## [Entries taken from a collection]
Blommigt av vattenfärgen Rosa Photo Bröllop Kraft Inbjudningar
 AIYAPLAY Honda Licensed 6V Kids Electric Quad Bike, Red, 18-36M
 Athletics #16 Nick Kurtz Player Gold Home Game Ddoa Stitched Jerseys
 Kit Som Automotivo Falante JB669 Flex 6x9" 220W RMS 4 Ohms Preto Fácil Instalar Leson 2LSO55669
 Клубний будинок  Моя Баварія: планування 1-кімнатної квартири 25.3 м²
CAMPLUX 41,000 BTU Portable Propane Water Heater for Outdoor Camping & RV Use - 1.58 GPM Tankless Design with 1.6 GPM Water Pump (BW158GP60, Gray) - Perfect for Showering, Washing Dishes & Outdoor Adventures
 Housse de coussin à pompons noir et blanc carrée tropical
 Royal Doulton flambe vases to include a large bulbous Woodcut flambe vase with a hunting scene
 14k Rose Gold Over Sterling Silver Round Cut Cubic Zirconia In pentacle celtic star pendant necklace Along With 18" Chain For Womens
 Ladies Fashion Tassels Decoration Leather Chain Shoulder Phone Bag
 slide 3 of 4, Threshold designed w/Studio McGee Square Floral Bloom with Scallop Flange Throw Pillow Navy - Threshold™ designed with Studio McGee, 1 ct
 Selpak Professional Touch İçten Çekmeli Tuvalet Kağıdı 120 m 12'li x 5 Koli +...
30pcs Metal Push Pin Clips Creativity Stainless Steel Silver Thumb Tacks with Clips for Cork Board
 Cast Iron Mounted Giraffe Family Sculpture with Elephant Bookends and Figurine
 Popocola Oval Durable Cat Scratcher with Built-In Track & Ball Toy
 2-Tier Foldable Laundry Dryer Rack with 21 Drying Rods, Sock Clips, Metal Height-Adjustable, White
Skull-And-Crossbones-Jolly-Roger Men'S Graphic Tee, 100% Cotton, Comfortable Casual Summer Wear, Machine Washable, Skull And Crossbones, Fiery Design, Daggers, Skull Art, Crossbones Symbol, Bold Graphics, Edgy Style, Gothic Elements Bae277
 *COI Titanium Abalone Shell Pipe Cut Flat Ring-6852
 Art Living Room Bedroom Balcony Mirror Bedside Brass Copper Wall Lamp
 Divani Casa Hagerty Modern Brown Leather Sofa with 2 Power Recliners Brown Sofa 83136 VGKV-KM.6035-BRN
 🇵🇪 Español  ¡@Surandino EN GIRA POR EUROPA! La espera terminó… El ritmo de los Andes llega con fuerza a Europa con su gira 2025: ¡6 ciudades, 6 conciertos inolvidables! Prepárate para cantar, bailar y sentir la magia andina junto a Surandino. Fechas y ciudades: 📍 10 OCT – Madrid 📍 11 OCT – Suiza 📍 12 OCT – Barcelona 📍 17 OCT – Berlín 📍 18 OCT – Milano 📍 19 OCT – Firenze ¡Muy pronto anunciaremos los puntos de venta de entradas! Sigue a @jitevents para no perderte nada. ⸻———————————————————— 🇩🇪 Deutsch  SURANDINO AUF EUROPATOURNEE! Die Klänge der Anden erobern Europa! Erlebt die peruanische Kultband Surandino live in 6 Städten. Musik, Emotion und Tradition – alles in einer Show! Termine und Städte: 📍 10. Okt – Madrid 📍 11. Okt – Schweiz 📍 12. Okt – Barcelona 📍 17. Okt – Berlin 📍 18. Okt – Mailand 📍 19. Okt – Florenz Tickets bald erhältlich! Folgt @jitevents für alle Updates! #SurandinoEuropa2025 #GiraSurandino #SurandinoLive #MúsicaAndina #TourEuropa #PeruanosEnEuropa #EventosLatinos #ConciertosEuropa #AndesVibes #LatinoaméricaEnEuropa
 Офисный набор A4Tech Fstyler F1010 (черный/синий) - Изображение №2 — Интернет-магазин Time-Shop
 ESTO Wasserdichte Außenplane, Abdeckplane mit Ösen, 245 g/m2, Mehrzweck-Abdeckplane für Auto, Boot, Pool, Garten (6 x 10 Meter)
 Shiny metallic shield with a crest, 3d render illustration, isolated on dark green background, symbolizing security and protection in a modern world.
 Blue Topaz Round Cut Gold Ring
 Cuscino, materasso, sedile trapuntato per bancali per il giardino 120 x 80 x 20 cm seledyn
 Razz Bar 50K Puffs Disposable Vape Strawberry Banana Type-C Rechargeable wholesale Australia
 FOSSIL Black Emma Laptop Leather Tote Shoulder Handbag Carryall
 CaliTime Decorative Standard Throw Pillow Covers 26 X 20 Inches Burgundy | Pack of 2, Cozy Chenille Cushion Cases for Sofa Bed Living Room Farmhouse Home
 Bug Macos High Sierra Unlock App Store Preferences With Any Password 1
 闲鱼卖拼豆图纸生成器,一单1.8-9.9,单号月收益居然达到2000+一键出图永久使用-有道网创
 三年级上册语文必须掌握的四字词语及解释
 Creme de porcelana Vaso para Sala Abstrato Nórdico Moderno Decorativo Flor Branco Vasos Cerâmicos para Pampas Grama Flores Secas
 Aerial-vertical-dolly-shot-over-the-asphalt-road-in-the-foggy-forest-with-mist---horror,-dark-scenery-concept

## [Aim of the task]
Here the job is to restate all of the data word for word.

## [Task result]
Blommigt av vattenfärgen Rosa Photo Bröllop Kraft Inbjudningar
 AIYAPLAY Honda Licensed 6V Kids Electric Quad Bike, Red, 18-36M
 Athletics #16 Nick Kurtz Player Gold Home Game Ddoa Stitched Jerseys
 Kit Som Automotivo Falante JB669 Flex 6x9" 220W RMS 4 Ohms Preto Fácil Instalar Leson 2LSO55669
 Клубний будинок  Моя Баварія: планування 1-кімнатної квартири 25.3 м²
CAMPLUX 41,000 BTU Portable Propane Water Heater for Outdoor Camping & RV Use - 1.58 GPM Tankless Design with 1.6 GPM Water Pump (BW158GP60, Gray) - Perfect for Showering, Washing Dishes & Outdoor Adventures
 Housse de coussin à pompons noir et blanc carrée tropical
 Royal Doulton flambe vases to include a large bulbous Woodcut flambe vase with a hunting scene
 14k Rose Gold Over Sterling Silver Round Cut Cubic Zirconia In pentacle celtic star pendant necklace Along With 18" Chain For Womens
 Ladies Fashion Tassels Decoration Leather Chain Shoulder Phone Bag
 slide 3 of 4, Threshold designed w/Studio McGee Square Floral Bloom with Scallop Flange Throw Pillow Navy - Threshold™ designed with Studio McGee, 1 ct
 Selpak Professional Touch İçten Çekmeli Tuvalet Kağıdı 120 m 12'li x 5 Koli +...
30pcs Metal Push Pin Clips Creativity Stainless Steel Silver Thumb Tacks with Clips for Cork Board
 Cast Iron Mounted Giraffe Family Sculpture with Elephant Bookends and Figurine
 Popocola Oval Durable Cat Scratcher with Built-In Track & Ball Toy
 2-Tier Foldable Laundry Dryer Rack with 21 Drying Rods, Sock Clips, Metal Height-Adjustable, White
Skull-And-Crossbones-Jolly-Roger Men'S Graphic Tee, 100% Cotton, Comfortable Casual Summer Wear, Machine Washable, Skull And Crossbones, Fiery Design, Daggers, Skull Art, Crossbones Symbol, Bold Graphics, Edgy Style, Gothic Elements Bae277
 *COI Titanium Abalone Shell Pipe Cut Flat Ring-6852
 Art Living Room Bedroom Balcony Mirror Bedside Brass Copper Wall Lamp
 Divani Casa Hagerty Modern Brown Leather Sofa with 2 Power Recliners Brown Sofa 83136 VGKV-KM.6035-BRN
 🇵🇪 Español  ¡@Surandino EN GIRA POR EUROPA! La espera terminó… El ritmo de los Andes llega con fuerza a Europa con su gira 2025: ¡6 ciudades, 6 conciertos inolvidables! Prepárate para cantar, bailar y sentir la magia andina junto a Surandino. Fechas y ciudades: 📍 10 OCT – Madrid 📍 11 OCT – Suiza 📍 12 OCT – Barcelona 📍 17 OCT – Berlín 📍 18 OCT – Milano 📍 19 OCT – Firenze ¡Muy pronto anunciaremos los puntos de venta de entradas! Sigue a @jitevents para no perderte nada. ⸻———————————————————— 🇩🇪 Deutsch  SURANDINO AUF EUROPATOURNEE! Die Klänge der Anden erobern Europa! Erlebt die peruanische Kultband Surandino live in 6 Städten. Musik, Emotion und Tradition – alles in einer Show! Termine und Städte: 📍 10. Okt – Madrid 📍 11. Okt – Schweiz 📍 12. Okt – Barcelona 📍 17. Okt – Berlin 📍 18. Okt – Mailand 📍 19. Okt – Florenz Tickets bald erhältlich! Folgt @jitevents für alle Updates! #SurandinoEuropa2025 #GiraSurandino #SurandinoLive #MúsicaAndina #TourEuropa #PeruanosEnEuropa #EventosLatinos #ConciertosEuropa #AndesVibes #LatinoaméricaEnEuropa
 Офисный набор A4Tech Fstyler F1010 (черный/синий) - Изображение №2 — Интернет-магазин Time-Shop
 ESTO Wasserdichte Außenplane, Abdeckplane mit Ösen, 245 g/m2, Mehrzweck-Abdeckplane für Auto, Boot, Pool, Garten (6 x 10 Meter)
 Shiny metallic shield with a crest, 3d render illustration, isolated on dark green background, symbolizing security and protection in a modern world.
 Blue Topaz Round Cut Gold Ring
 Cuscino, materasso, sedile trapuntato per bancali per il giardino 120 x 80 x 20 cm seledyn
 Razz Bar 50K Puffs Disposable Vape Strawberry Banana Type-C Rechargeable wholesale Australia
 FOSSIL Black Emma Laptop Leather Tote Shoulder Handbag Carryall
 CaliTime Decorative Standard Throw Pillow Covers 26 X 20 Inches Burgundy | Pack of 2, Cozy Chenille Cushion Cases for Sofa Bed Living Room Farmhouse Home
 Bug Macos High Sierra Unlock App Store Preferences With Any Password 1
 闲鱼卖拼豆图纸生成器,一单1.8-9.9,单号月收益居然达到2000+一键出图永久使用-有道网创
 三年级上册语文必须掌握的四字词语及解释
 Creme de porcelana Vaso para Sala Abstrato Nórdico Moderno Decorativo Flor Branco Vasos Cerâmicos para Pampas Grama Flores Secas
 Aerial-vertical-dolly-shot-over-the-asphalt-road-in-the-foggy-forest-with-mist---horror,-dark-scenery-concept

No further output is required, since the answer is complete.